About a year ago I spent a week laid up after getting my appendix removed.  Through a combination of Tylanol 3 and boredom I ended up writing a treatise on Dwarven culture and society that quickly ballooned into a 9200-word document.  It's 100% fluff but I'm quite proud of it, and one of the guys I game with suggested that I might want to see about getting it published since it's generic enough that quite a few DM's might find it useful but it does give dwarves a unique character beyond that of short drunken Scotsmen.  Heck I even tackle the issue of whether or not Dwarven women have beards.  It's poorly formatted, at least right now and I have no idea where to even start getting it published but I was wondering if there may be any way to submit it to EN Publishing and if nothing else get some feedback.

I honestly wouldn't even expect to get paid for it but I must admit there is a part of me that would be pretty proud of being a "published author" even if it was just a $2.00 PDF.


----------



## Morrus (Jan 16, 2007)

I think your main problme with this idea is that it has come at the wrong time - race bokos were done to death two or three years ago, and nobody's buying 'em any more.  I imagine at RPGnow you could find a couple of dozen books about dwarves.

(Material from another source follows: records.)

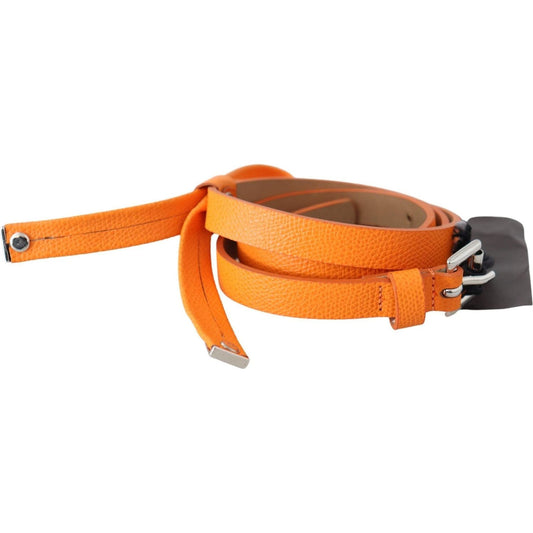 Scervino Street Elegant Leather Double Buckle Belt Belt orange-tangerine-leather-slim-silver-metal-buckle-belt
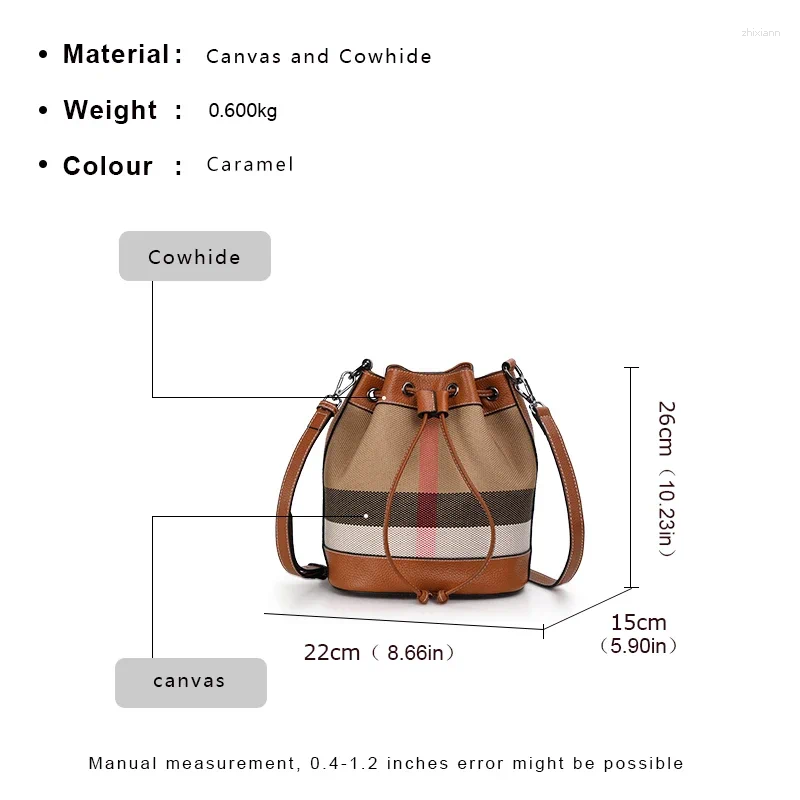 Free Shipping Drawstring The Latest Style Of Checkered Pattern Women's Single Shoulder Crossbody Bag With High-quality Canvas And Cowhide Bucket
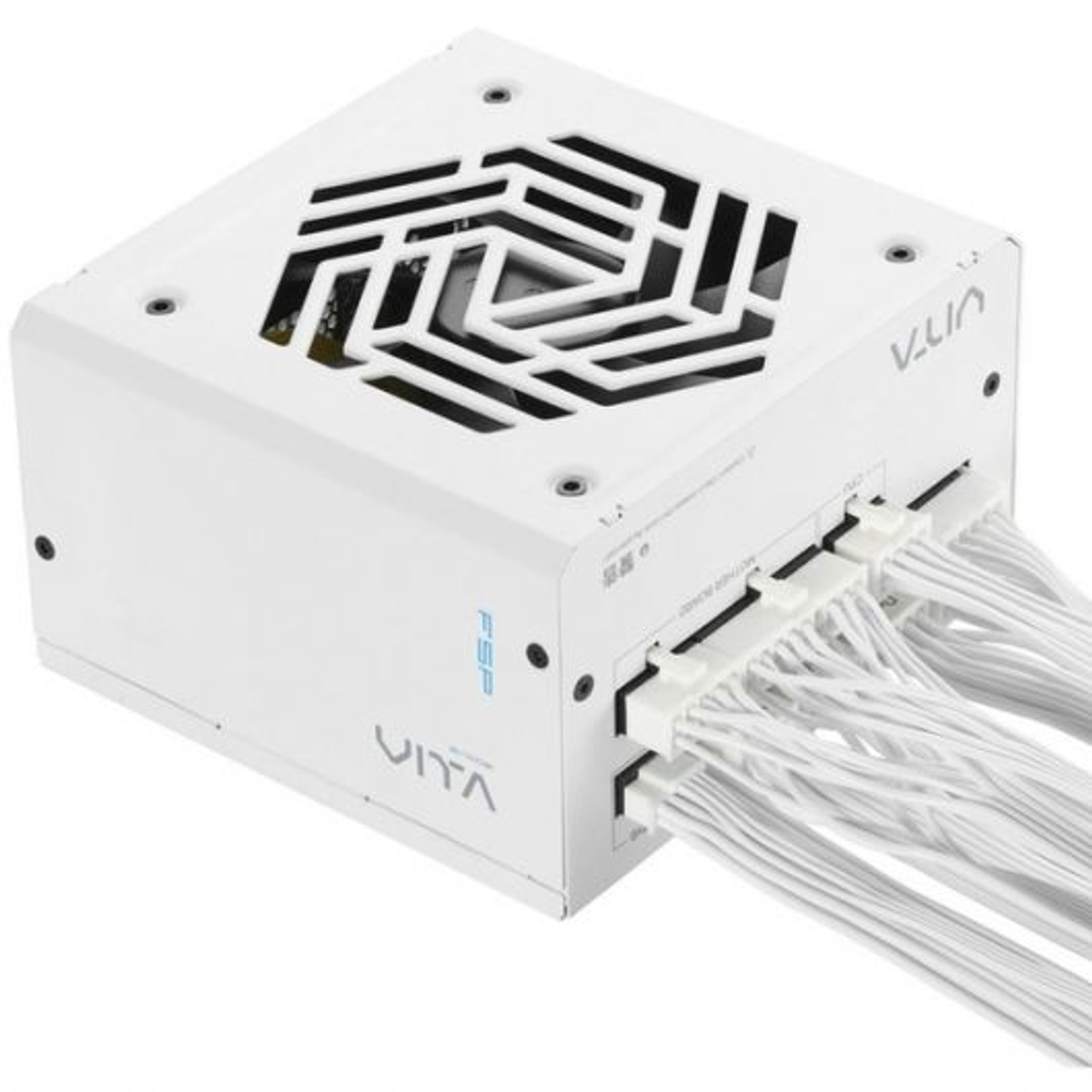 White computer power supply unit with cables. It has a fan grille on top and multiple cable connectors on the side.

At the moment, for example, all ENP's sales are props or adventures (which is also weird - because a couple of years ago it was impossible to get anyone to buy an adventure.  Now they're selling in droves!)

I certainly don't mind taking a look if you want to shoot it my way, but I can't imagine a book on that subjct would cover its own costs in terms of layout, editing, art, etc.

Now what might work would be a really detailed Dwarven stronghold, complete with maps, NPCs, etc.  I remember the old Thorbardin boxed set.  You could use much of your already written material to supplement that core concept, and I think it'd sell.  But the kicker would be the maps - they'd be expensive to produce, and would need to be lovely coloured beautiful things.


----------